■ Directions for this task
Using only the entries below, output the lines starting at the one containing "Кухня Юлия Сандал серый" and ending at the one containing "Elysian Collective Kivari", exactly and inclusive of both, omitting the pictures.

■ Input data
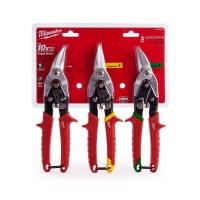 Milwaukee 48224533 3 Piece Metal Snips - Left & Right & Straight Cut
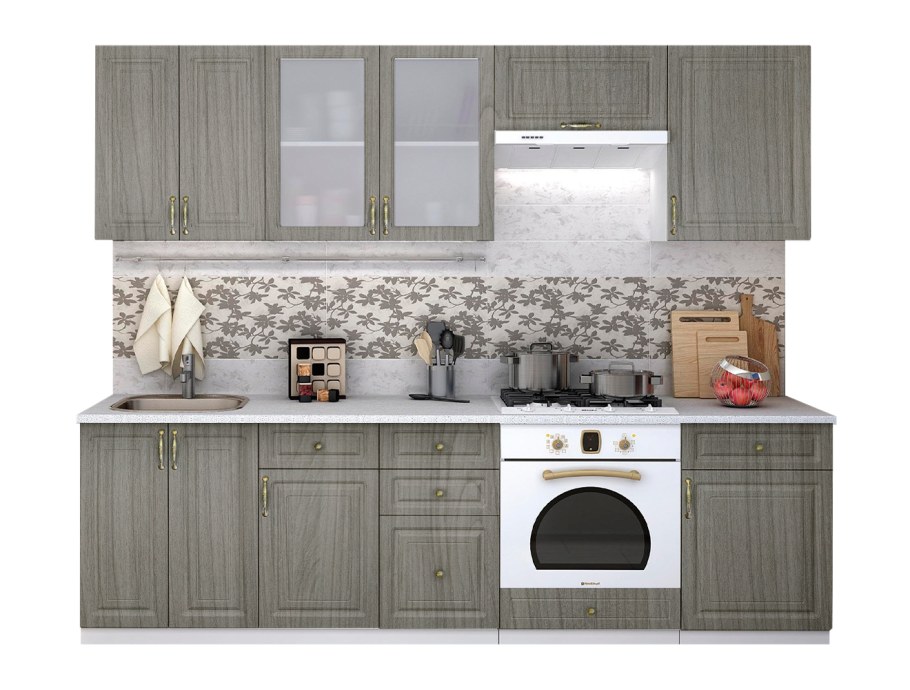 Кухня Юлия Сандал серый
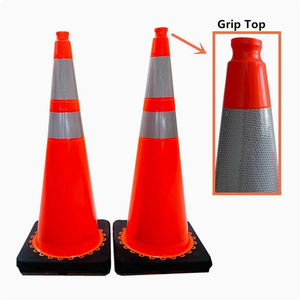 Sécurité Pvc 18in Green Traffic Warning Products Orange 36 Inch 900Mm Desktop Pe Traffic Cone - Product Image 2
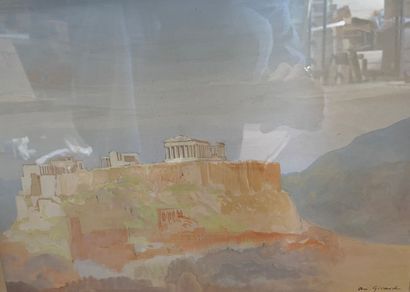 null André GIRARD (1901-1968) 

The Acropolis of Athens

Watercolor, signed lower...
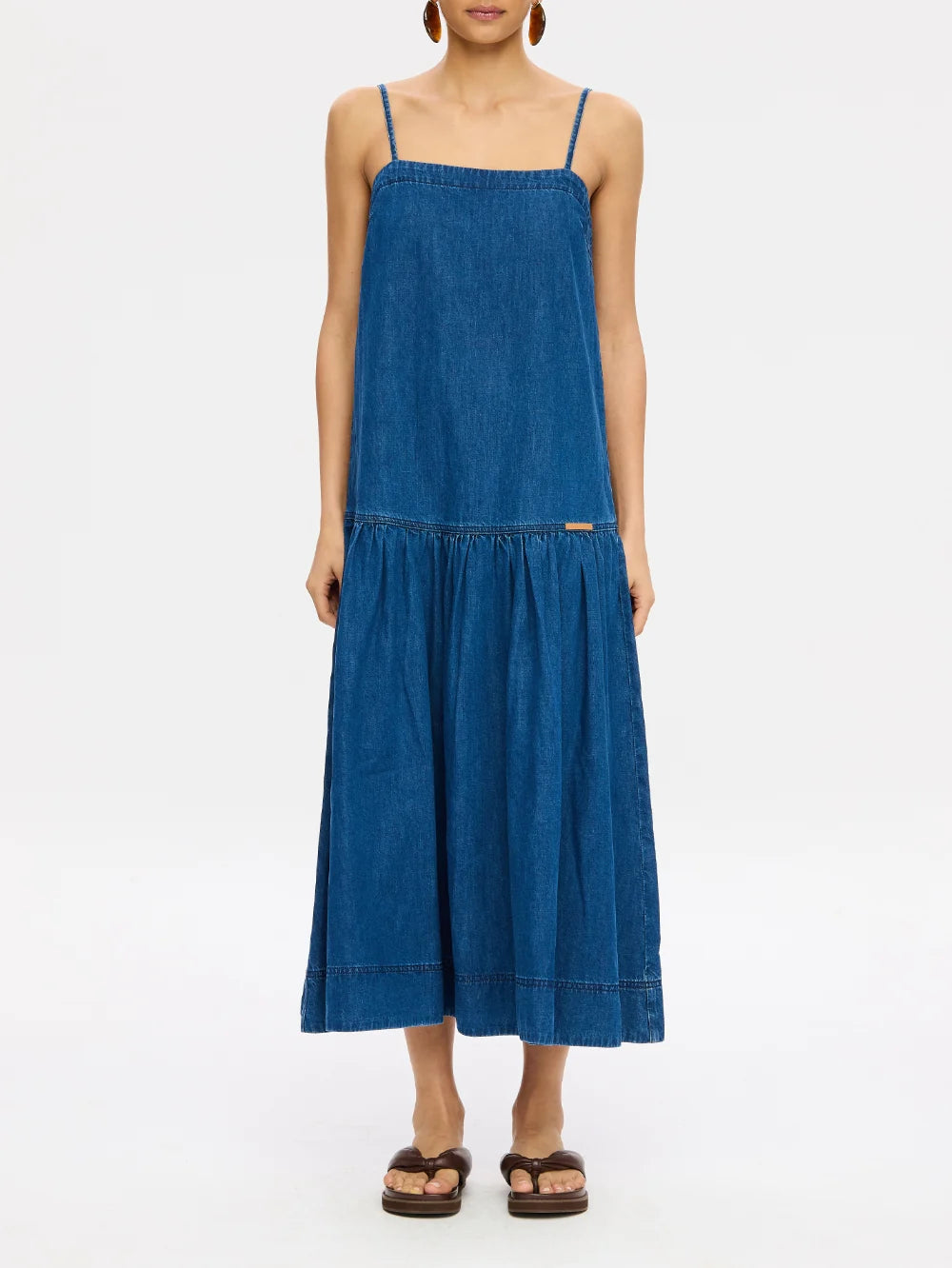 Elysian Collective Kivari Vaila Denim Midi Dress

--

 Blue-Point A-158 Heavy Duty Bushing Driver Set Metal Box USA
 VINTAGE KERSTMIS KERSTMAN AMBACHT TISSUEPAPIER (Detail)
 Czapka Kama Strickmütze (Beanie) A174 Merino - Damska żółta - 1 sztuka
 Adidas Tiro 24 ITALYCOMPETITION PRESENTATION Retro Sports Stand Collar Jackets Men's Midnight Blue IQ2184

...

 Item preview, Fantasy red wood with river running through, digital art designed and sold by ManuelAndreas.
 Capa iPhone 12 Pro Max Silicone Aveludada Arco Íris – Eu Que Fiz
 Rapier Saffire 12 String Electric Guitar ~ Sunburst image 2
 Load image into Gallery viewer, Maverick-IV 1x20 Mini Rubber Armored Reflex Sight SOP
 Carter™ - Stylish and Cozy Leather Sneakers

■ Task solution
 Кухня Юлия Сандал серый
 Sécurité Pvc 18in Green Traffic Warning Products Orange 36 Inch 900Mm Desktop Pe Traffic Cone - Product Image 2
 null André GIRARD (1901-1968) 

The Acropolis of Athens

Watercolor, signed lower...
 Elysian Collective Kivari Vaila Denim Midi Dress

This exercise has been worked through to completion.